I know putting business logic in the DB has been used very successfully, but it also has some large downsides.
It's harder to express some things as SQL and your team will be less familiar with SQL than your preferred language. SQL language tooling (code autocomplete, testing libs, etc) is also far less mature than tooling for most languages.
It's harder to debug when things go wrong. Where do you put a breakpoint?
It's likely your team ends up splitting your business logic between your app and your DB, and then you have to figure out which part is writing incorrect data when there's a problem.
For my apps, I'm trying to set up the database to reject incorrect information (with types and constraints and sometimes triggers), but have the app code do all the business logic and writing data.
Honestly, it's too soon to tell whether my apps will be successful with this approach. They haven't yet gone through years of real world usage and requirements changing. But so far it's gone well!
This is true, but then, it's also harder to write Rust than Python. There are tradeoffs which are made for every choice.
> and your team will be less familiar with SQL than your preferred language.
Also true, but given how SQL is practically everywhere and is not likely to go away any time soon, I strongly feel that nearly every dev could benefit from learning it.
> SQL language tooling (code autocomplete, testing libs, etc) is also far less mature than tooling for most languages.
Again, true. Personally I dislike autocomplete functions (they break my flow, needing to parse the suggestion and accepting it, rather than just typing from muscle memory), but I get that others like them. Re: testing, I have an unpopular opinion: this matters very little compared to most other languages. Declarative languages like SQL or Terraform generally do not produce surprises. If you get an unexpected output, it's probably because you have incorrect logic.

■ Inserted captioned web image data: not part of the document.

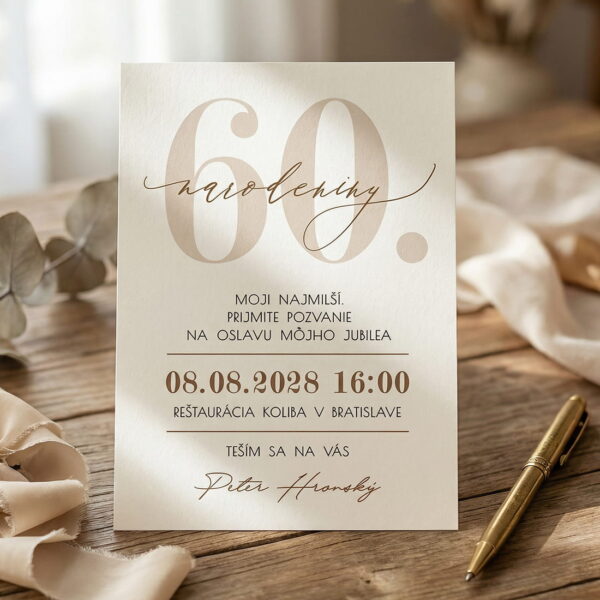 Elegantná pozvánka na oslavu 50 rokov s menom a dátumom – jubilejná narodeninová pozvánka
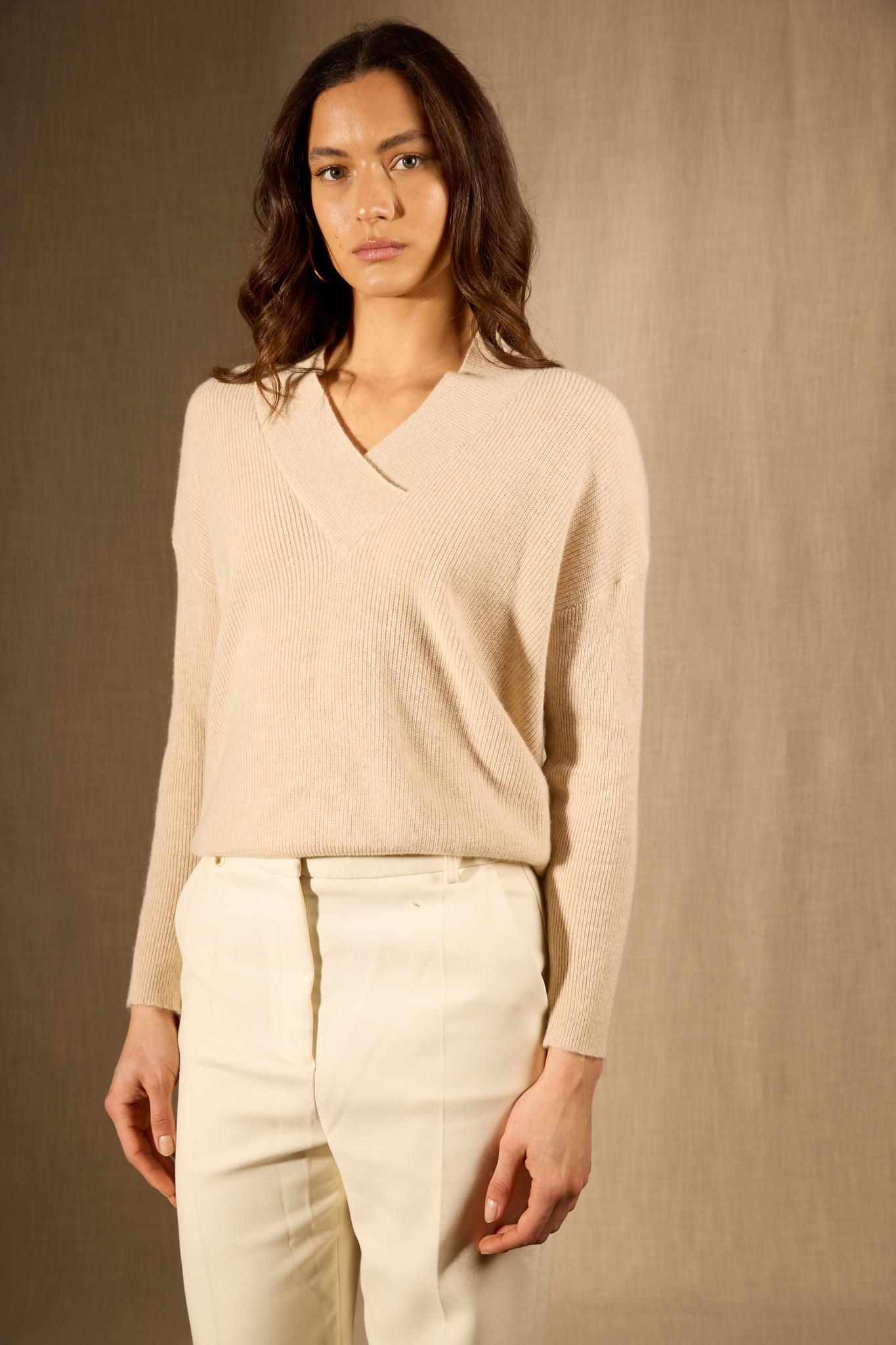 GRAINNE pull col v croisé avoine 100% cachemire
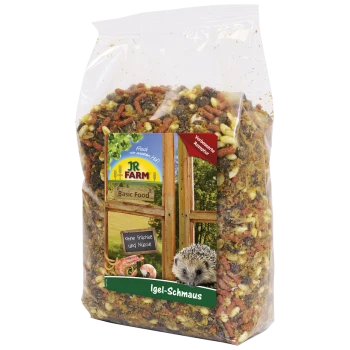 Un sac transparent de nourriture pour hérissons JR FARM avec une étiquette colorée montrant un hérisson et le texte "Igel-Schmaus" et "ohne Früchte und Nüsse."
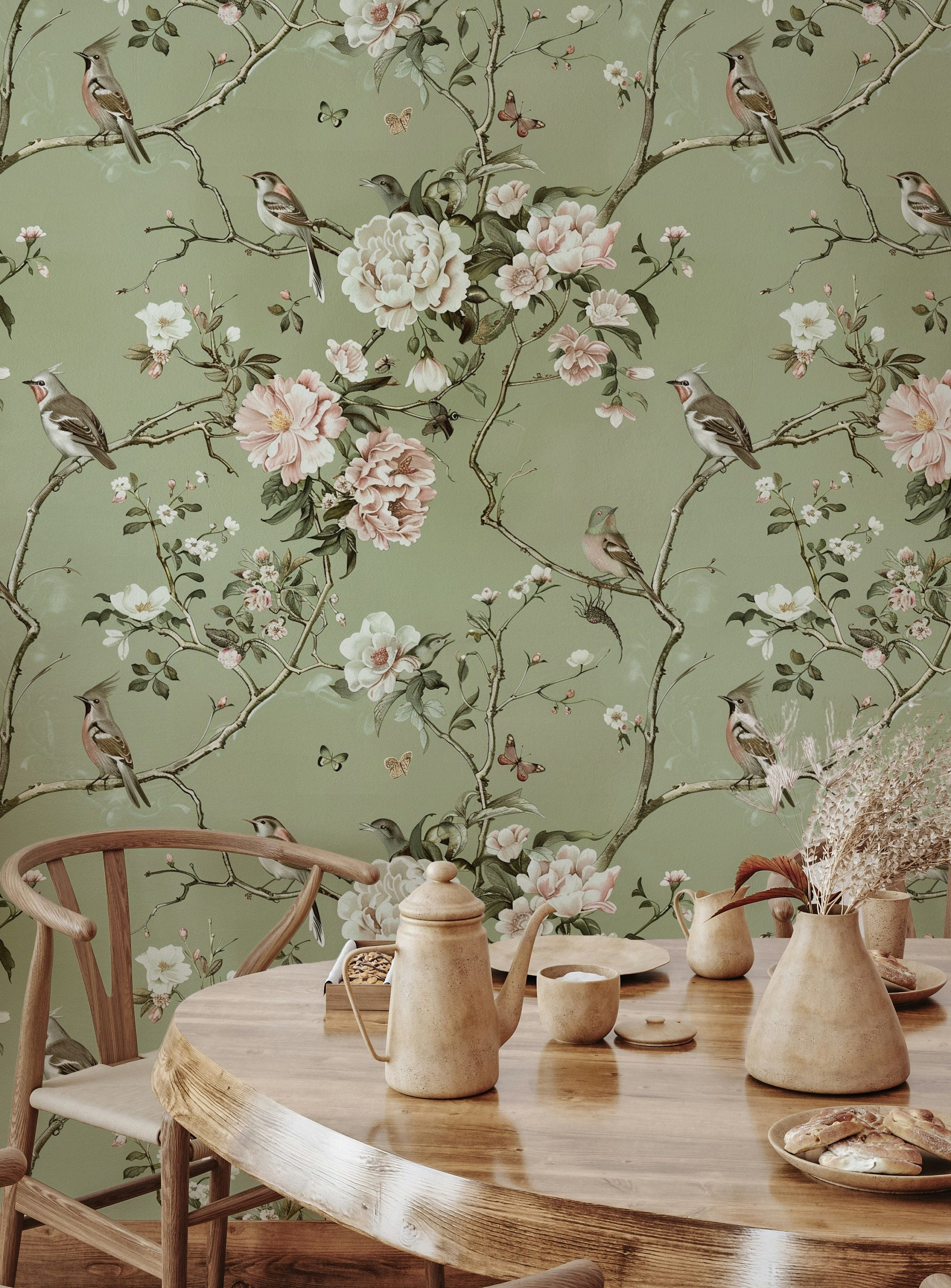 Wallpaper: Bird Motif and Floral Pattern Sage Green Mural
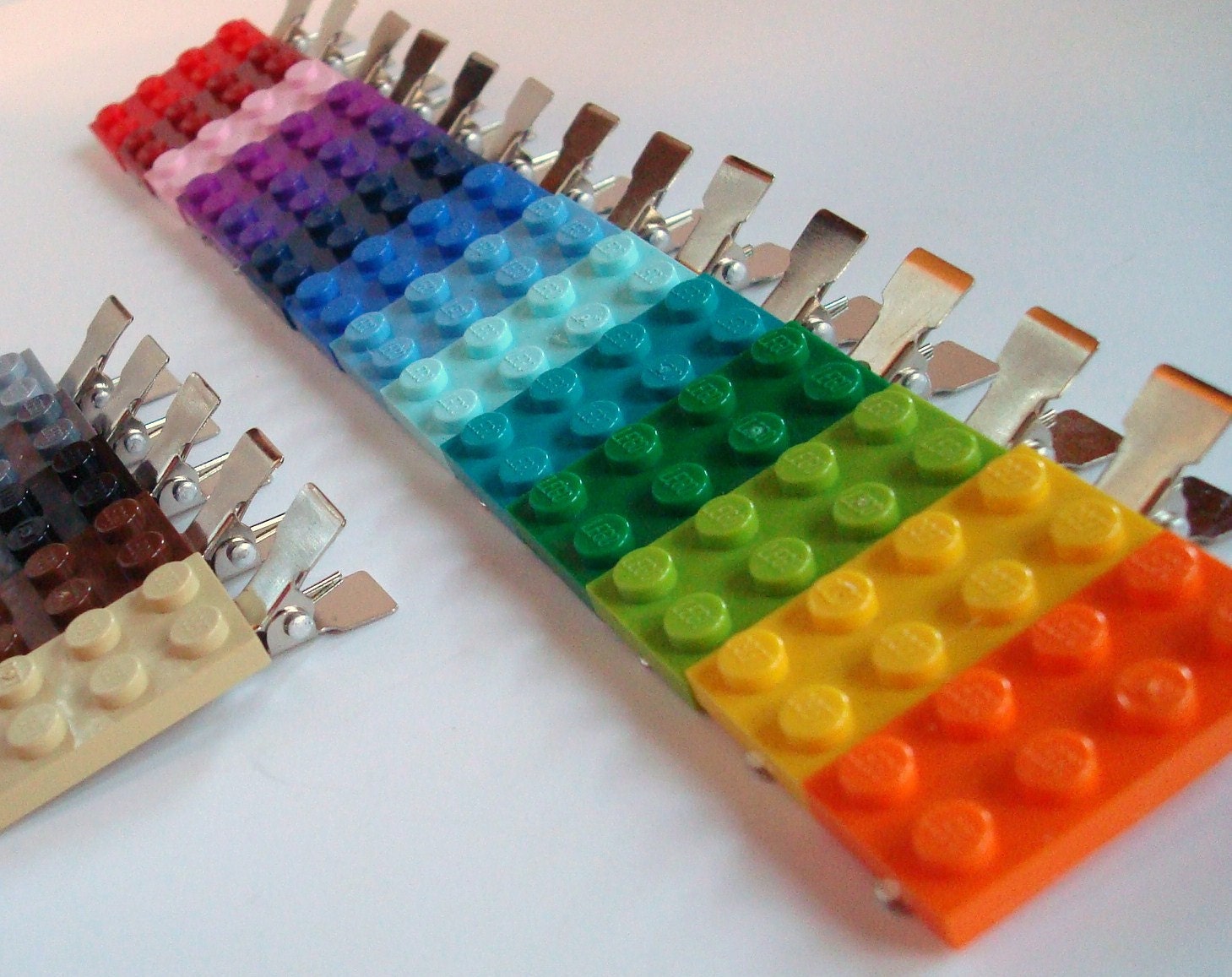 Hair Clips set of 3 made with Lego (r) plate your choice of colors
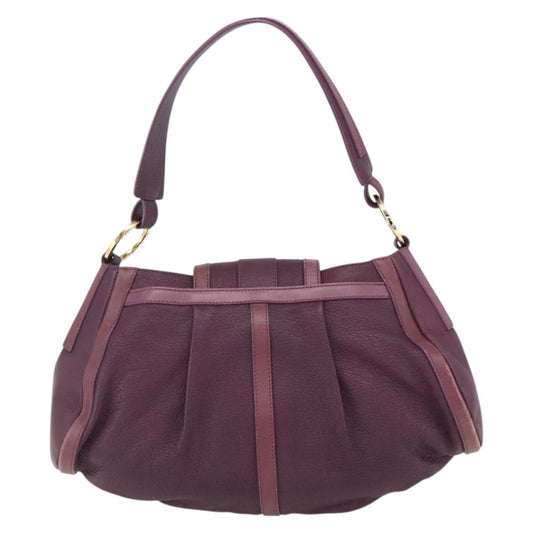Bvlgari Chandra Shoulder Bag Leather, PURPLE, LEATHER, Shoulder bag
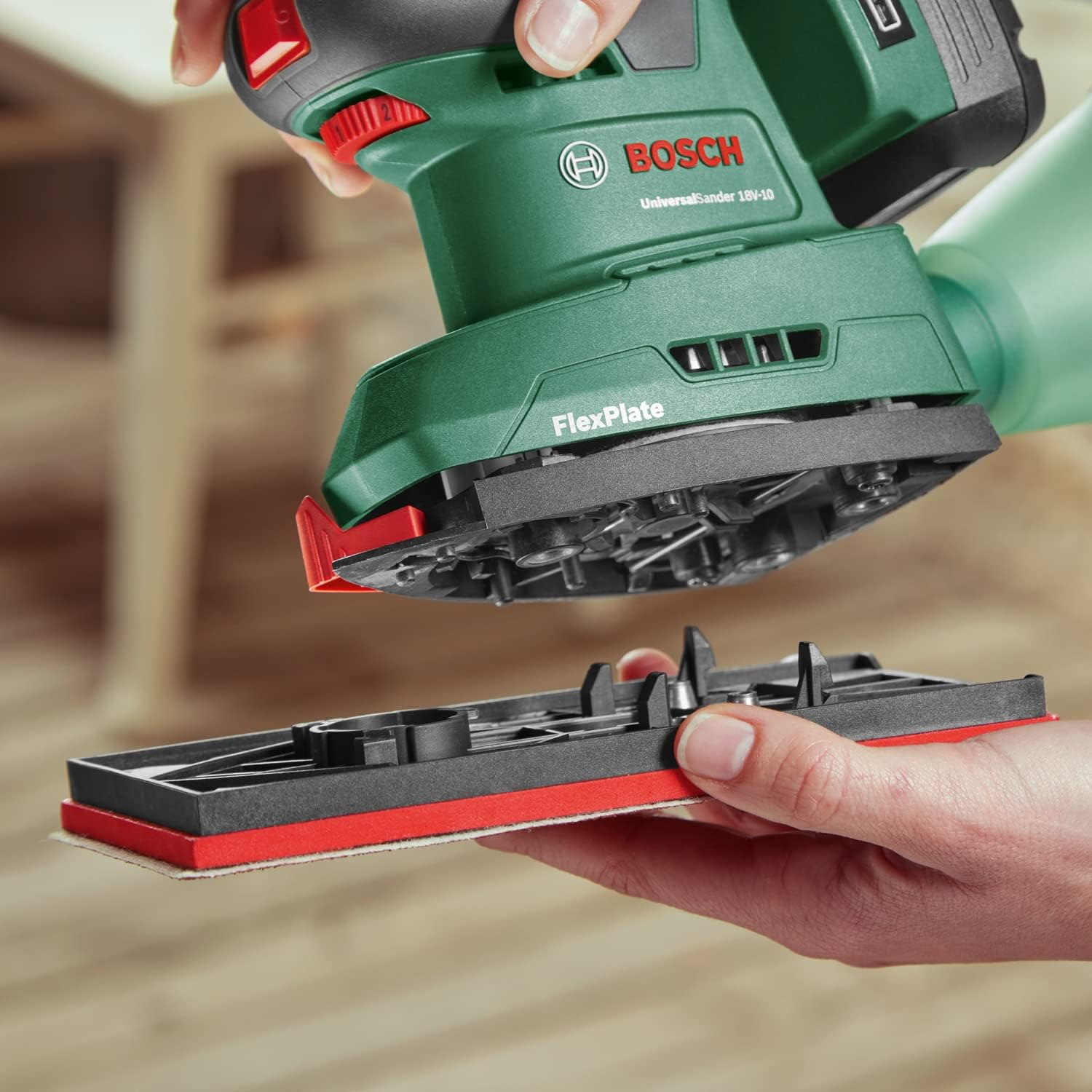 Bosch Universalsander 18V-10 Cordless Sander (Without Battery, 18 Volt System, for DIY Woodworking, 32 X Sandpaper, in Box) - Amazon Edition image number 6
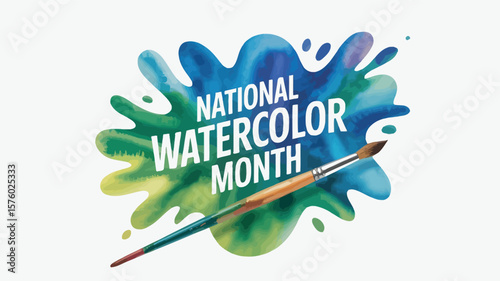 National Watercolor Month Brush Splash Poster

There are some testing frameworks that exist for various flavors of SQL should you wish, but IMO as long as you have some rigorous E2E tests, and your dev/staging environments are accurate and representative of prod, you'll be fine.
> For my apps, I'm trying to set up the database to reject incorrect information (with types and constraints and sometimes triggers), but have the app code do all the business logic and writing data.
Hey, you're doing better than most! I've never understood people's unwillingness to use things like length constraints. Sure, your app should ideally catch basic issues so they never have to make it to the DB, but I'd rather have the guarantee. The last thing you want is for someone to find a way to inject the entirety of Moby Dick into a `name` field.
for 3, you could write a stored proc to handle the various situations, and call that stored proc appropriately, letting the DB engine optimize appending "(disabled)".
however, I do wish Go had a map function ala python map() as opposed to just verbosely writing more for loops or a complicated thread-safe goroutine. Seems almost strange that Google, who popularized the mapreduce model, doesn't want it in Go.
Stored procedures are also screeched at as being anti-patterns, somehow. I don’t get it; you can store them in version control just like anything else, and add comments where necessary in the code base indicating what the DB is doing.
PostgREST for instance avoids the alleged problem by generating a single SQL statement. So does Hasura, PostGraphile, and probably Prisma for that matter.